Подводя итоги первого выступления за границей, мы поняли, что нельзя без учета особенностей страны, публики показывать свои репризы и интермедии. Поняли мы и то, что в каждой стране можно многому научиться, если стараться побольше смотреть работу других.

Жизнь на колесах нам нравилась.

«ВАС ВЫЗЫВАЕТ КУЗНЕЦОВ»

Клоун Сергей Курепов рассказал мне, что в двадцатых годах в цирке работал номер воздушных гимнастов — «Икар». Курепова удивило, как малообразованные гимнасты придумали такое удачное, звучное название своему номеру. Как — то Курепов спросил об этом у руководителя номера.

— А просто получилось, — ответил тот. — Когда номер выпустили, мы пошли в пивную, чтобы отметить это дело, а заодно и придумать, как будем называться. Сидим в пивной, и. я смотрю в окошко, а на стекле буквы в надписи наоборот. На окне снаружи: «Пиво — раки», а я читаю: «Икар — овип». Понравилось первое слово. Предложил ребятам. Они согласились. Так и работаем теперь — «Икар». Пусть все считают, что мы иностранцы.

(Из тетрадки в клеточку.

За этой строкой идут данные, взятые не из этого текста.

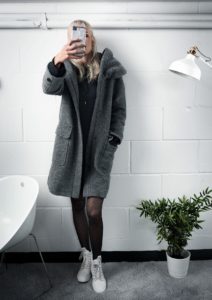 Amber & June, Herbst / Winter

Май 1955 года)

Вернувшись после фестиваля в Москву, мы продолжали работать с филатовским коллективом. Время от времени Миша заводил со мной разговор о том, что нам пора становиться коверными. И клоун Гриша Титов, встречаясь с нами, каждый раз внушал:

— Ребята, вы должны работать коверными. Вы оба смешные и разные. Начните с маленьких репризок. Вот увидите, у вас получится.

Но я не хотел. Считал, что нам будет трудно тянуть на своих плечах все представление, и понимал: если выступать, то нужен репертуар, а его у нас нет. Нельзя же выходить на манеж с тем, что мы показывали на шефских выездных концертах. Например, старую репризу «Живой и мертвый» или клоунаду «Шапки». Хотя и смешные они были, но уж больно примитивные.

Поехали мы как — то с шефским концертом на строительство стадиона в Лужниках. Показали «Живого и мертвого». Строители хохотали вовсю. Но Николай Семенович Байкалов после концерта вызвал нас к себе и сурово, как отрезал, сказал:

— Чтобы с такими вещами от имени Московского ордена Ленина цирка вы выступали в последний раз.

И сколько бы со мной о работе коверными ни заговаривали, я всегда либо отшучивался, либо отмалчивался, или честно говорил что мы не потянем и пока нужно просто работать, а там, мол, будет видно.

Но тем не менее я понимал, что нужно думать о новых клоунадах, ибо выступать только с «Маленьким Пьером», «Сценкой на лошади» и «Черным Томом» для десяти лет профессиональной работы мало. Рассматривая карикатуры, читая юмористические рассказы, в тысячный раз перелистывая свою тетрадь в клеточку, я вдруг вспомнил рассказ Дмитрия Альперова о сценке «Рыболовы» клоуна Рибо. А что, если попробовать сделать что — то подобное? Об этом рассказал отцу. Отец обещал что — нибудь придумать. Окончательно же мы решили работать над «Рыболовами» после запомнившейся мне встречи с Евгением Михайловичем Кузнецовым, на которую шел с волнением, ибо хорошо знал Кузнецова по его книгам, статьям. Художественный руководитель всех цирков пригласил меня на беседу сам.